Records contained in a dataset

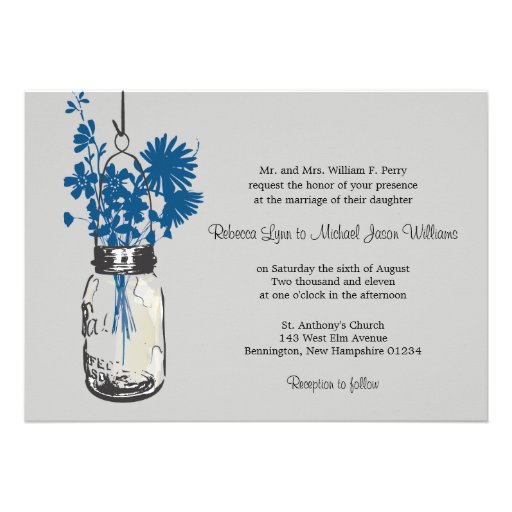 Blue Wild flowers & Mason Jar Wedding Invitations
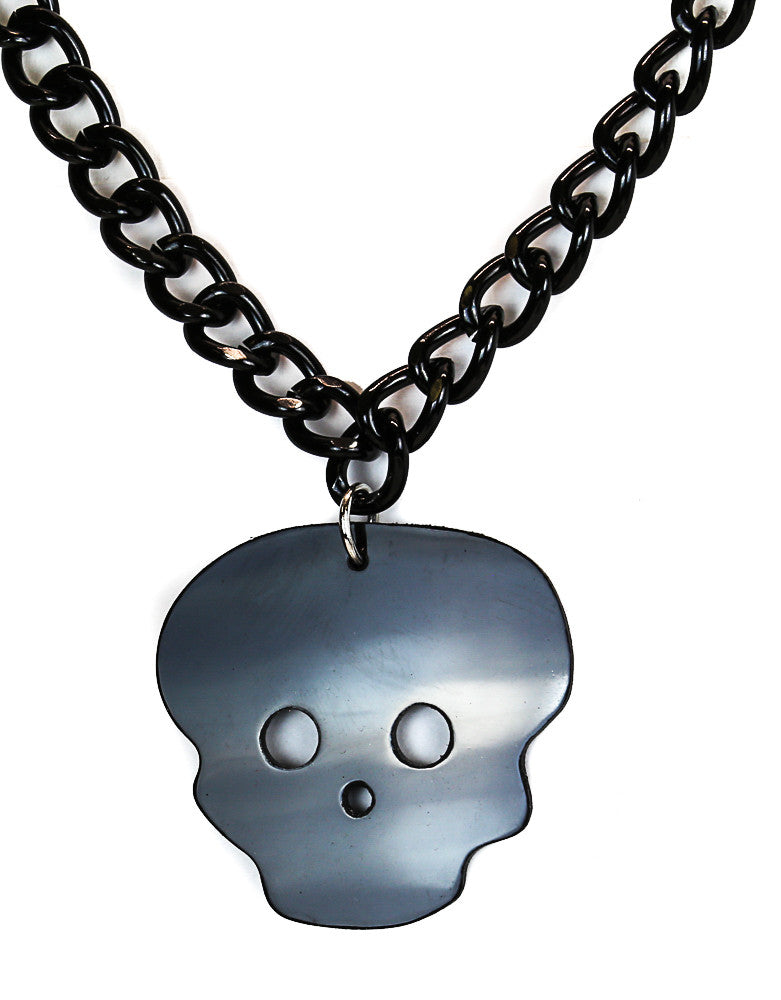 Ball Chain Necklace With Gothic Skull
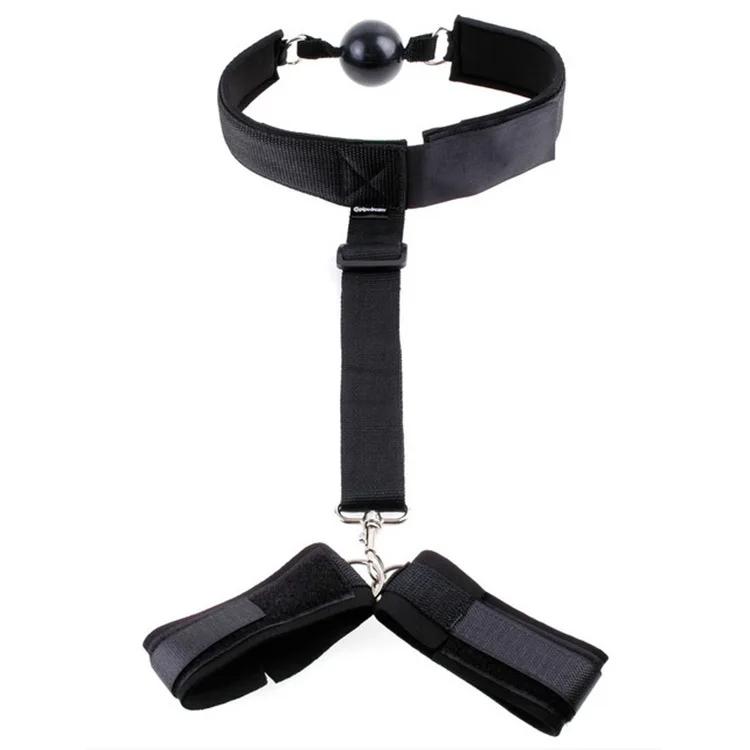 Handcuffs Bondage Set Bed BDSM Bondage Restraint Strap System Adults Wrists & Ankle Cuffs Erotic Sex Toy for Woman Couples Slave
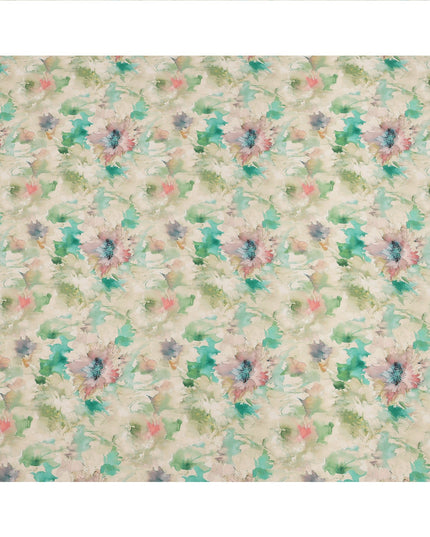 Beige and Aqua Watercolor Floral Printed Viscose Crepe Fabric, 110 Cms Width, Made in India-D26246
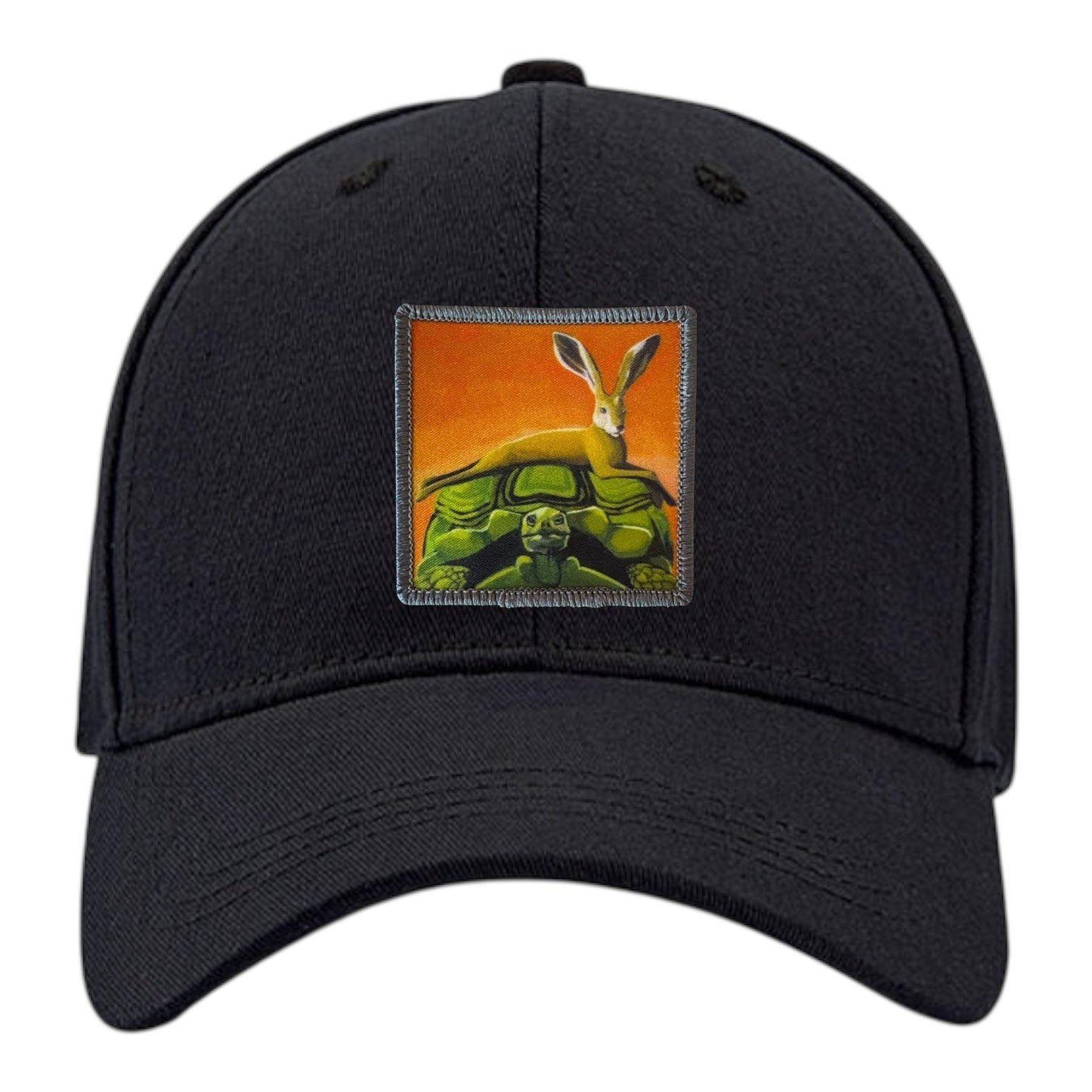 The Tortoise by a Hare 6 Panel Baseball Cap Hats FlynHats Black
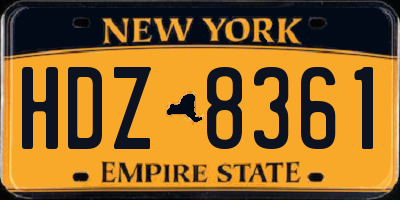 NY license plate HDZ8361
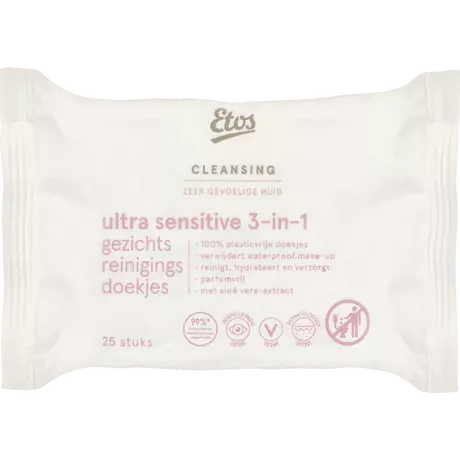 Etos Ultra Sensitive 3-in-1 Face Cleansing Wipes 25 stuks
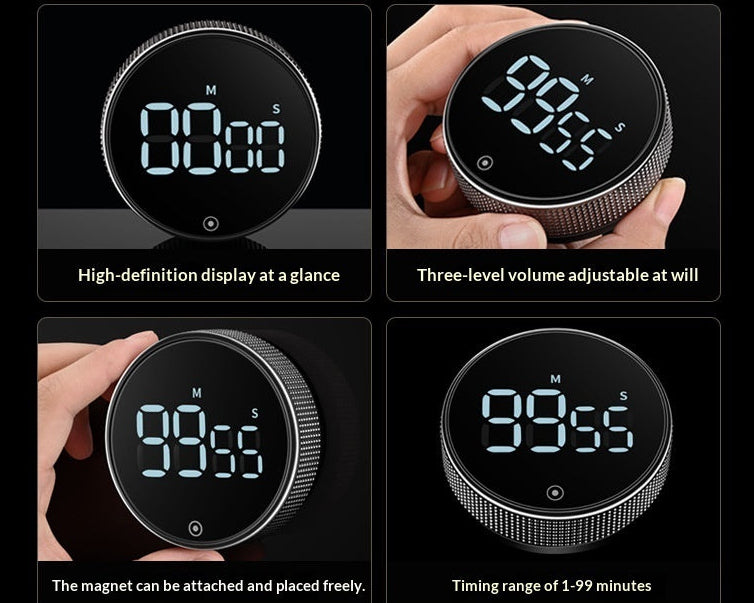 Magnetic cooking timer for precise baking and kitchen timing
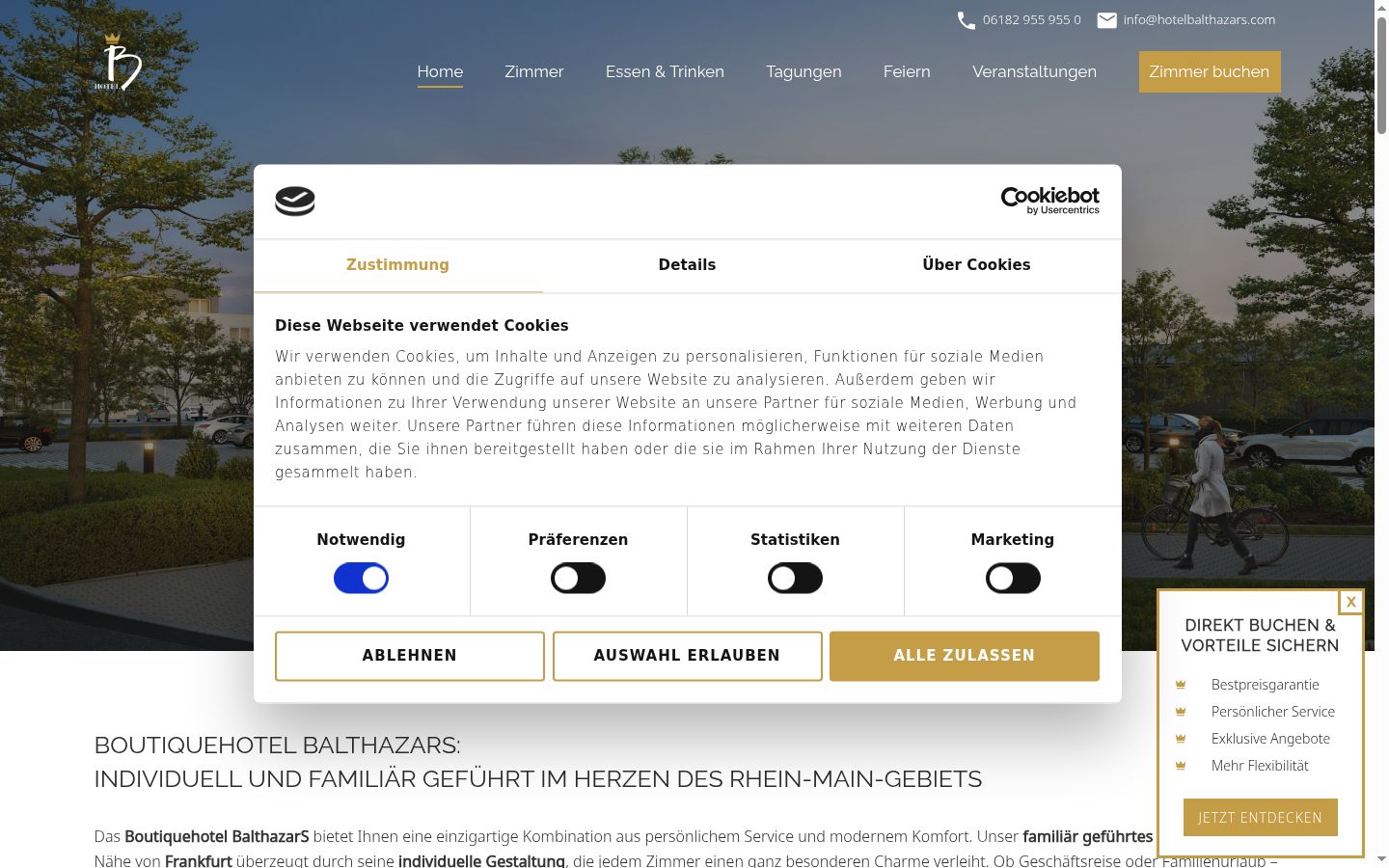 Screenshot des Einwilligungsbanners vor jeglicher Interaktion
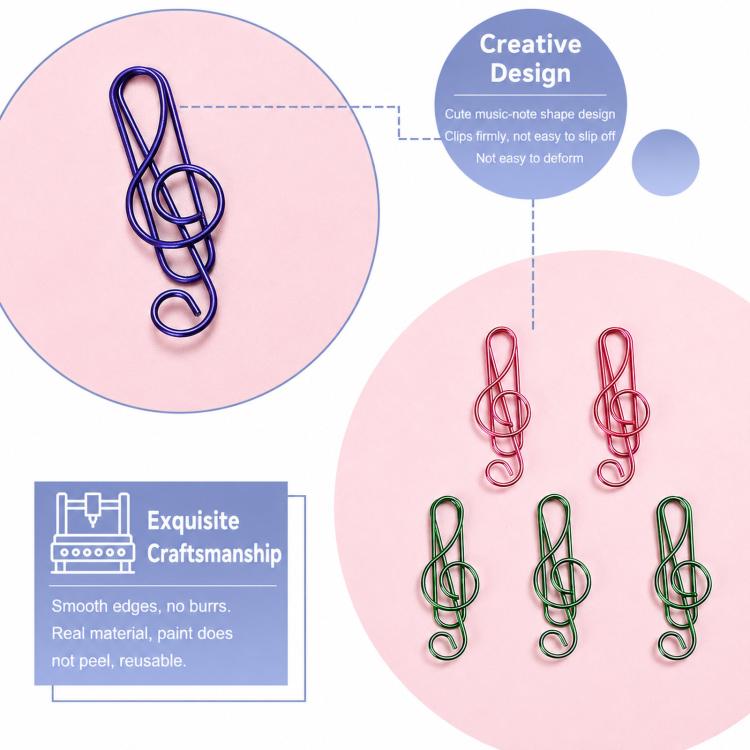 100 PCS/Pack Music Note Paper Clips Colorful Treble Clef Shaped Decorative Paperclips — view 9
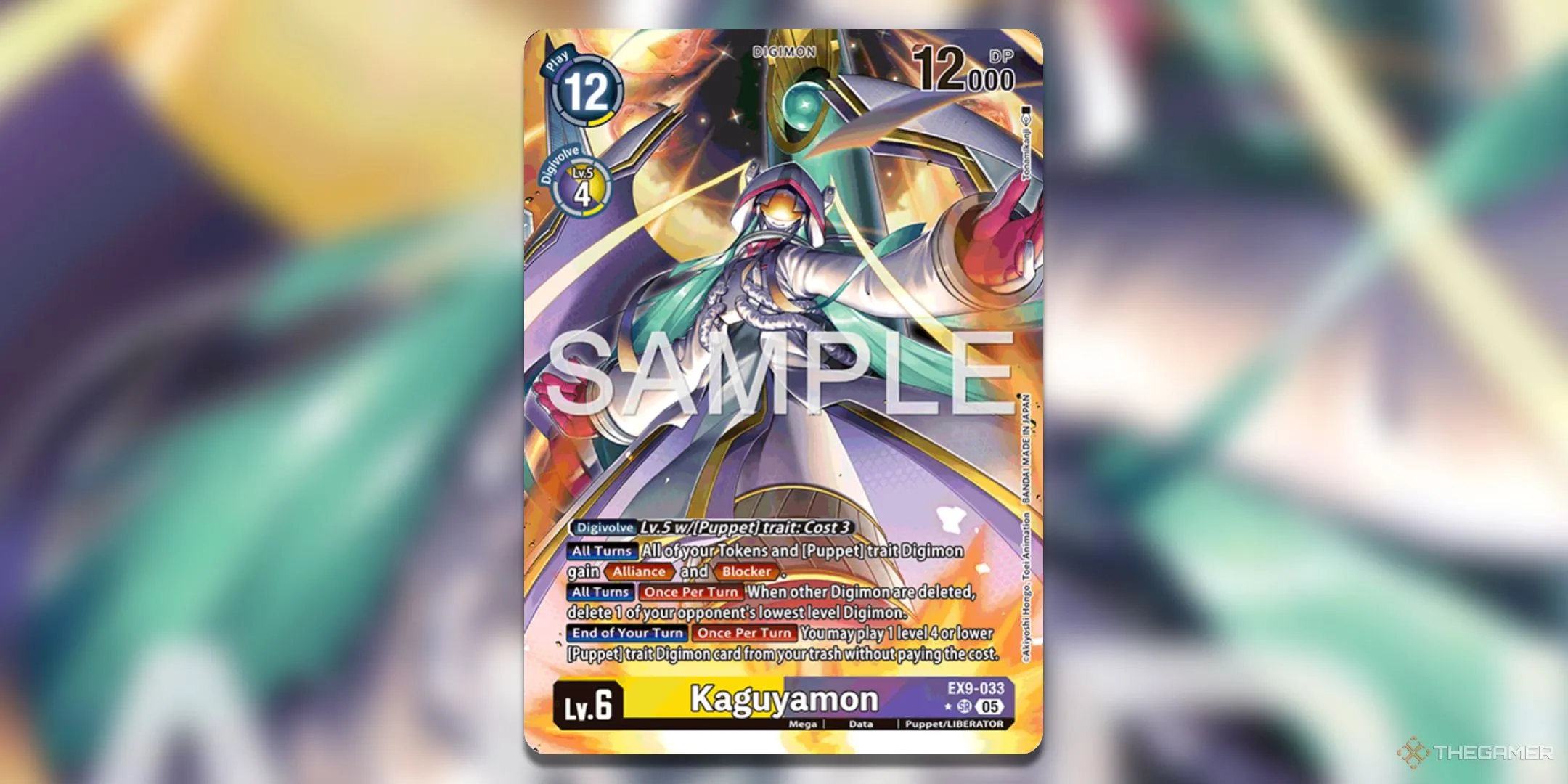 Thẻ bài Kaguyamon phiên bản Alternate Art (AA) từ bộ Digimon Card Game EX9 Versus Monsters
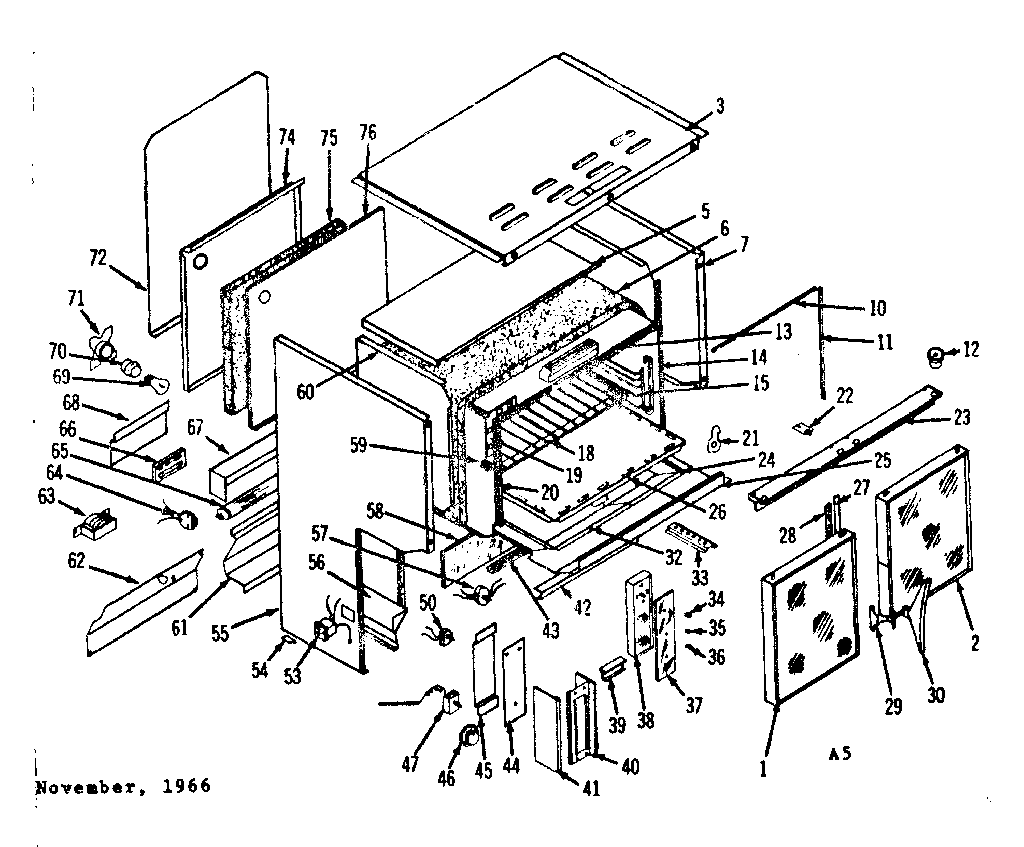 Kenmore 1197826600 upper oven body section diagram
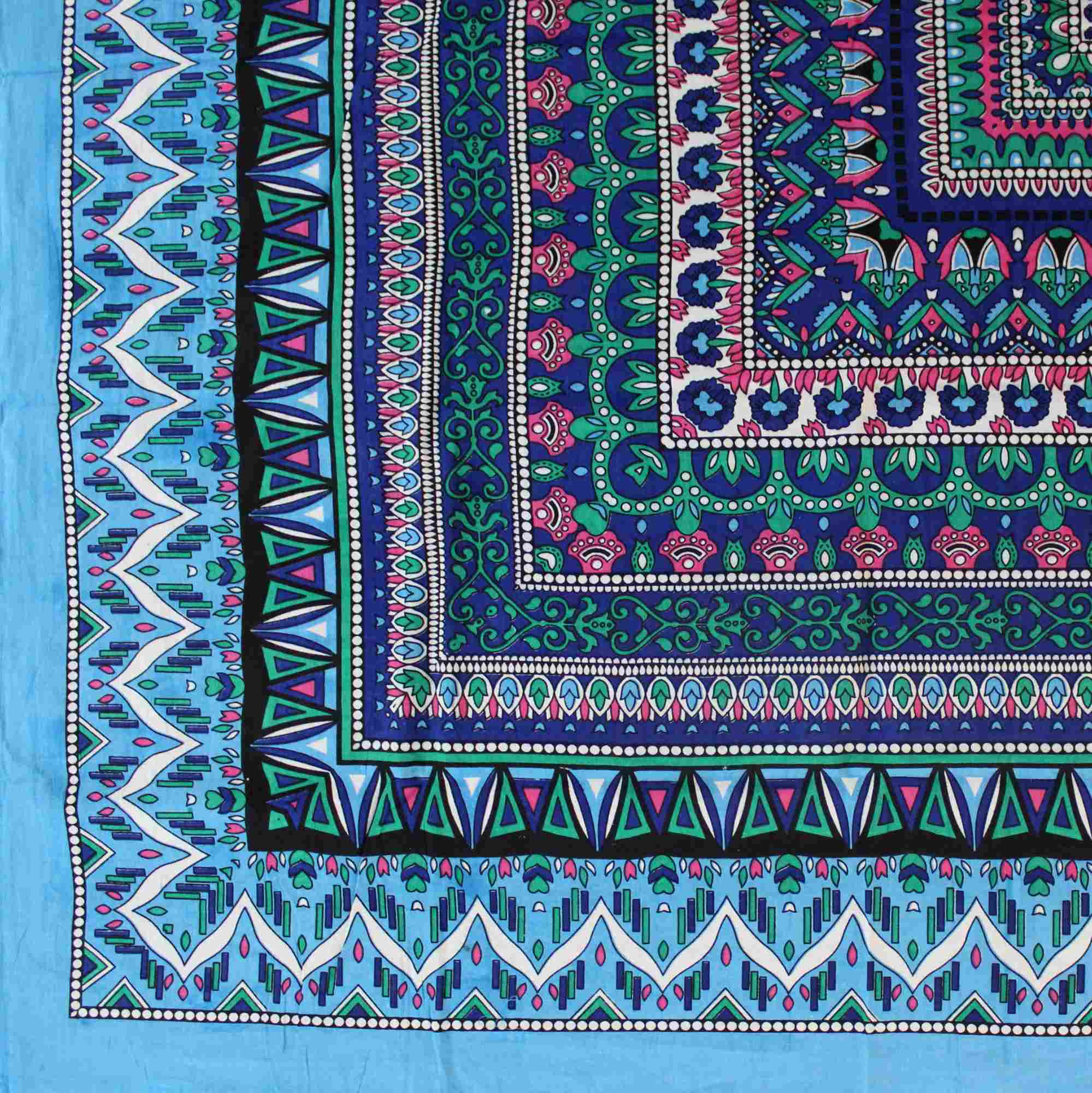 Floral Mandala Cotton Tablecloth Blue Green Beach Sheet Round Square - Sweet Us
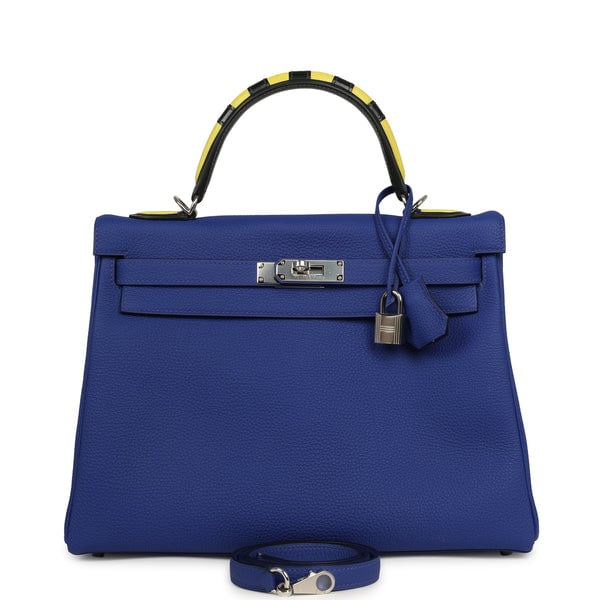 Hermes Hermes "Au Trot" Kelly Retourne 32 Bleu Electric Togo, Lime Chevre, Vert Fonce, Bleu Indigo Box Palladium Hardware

[WORK TO BE COMPLETED]: Word for word, restate the lines from the one containing "Kenmore 1197826600 upper" through the end of the entries. Do not include pictures.

[COMPLETED EXERCISE]:
 Kenmore 1197826600 upper oven body section diagram
 Floral Mandala Cotton Tablecloth Blue Green Beach Sheet Round Square - Sweet Us
 Hermes Hermes "Au Trot" Kelly Retourne 32 Bleu Electric Togo, Lime Chevre, Vert Fonce, Bleu Indigo Box Palladium Hardware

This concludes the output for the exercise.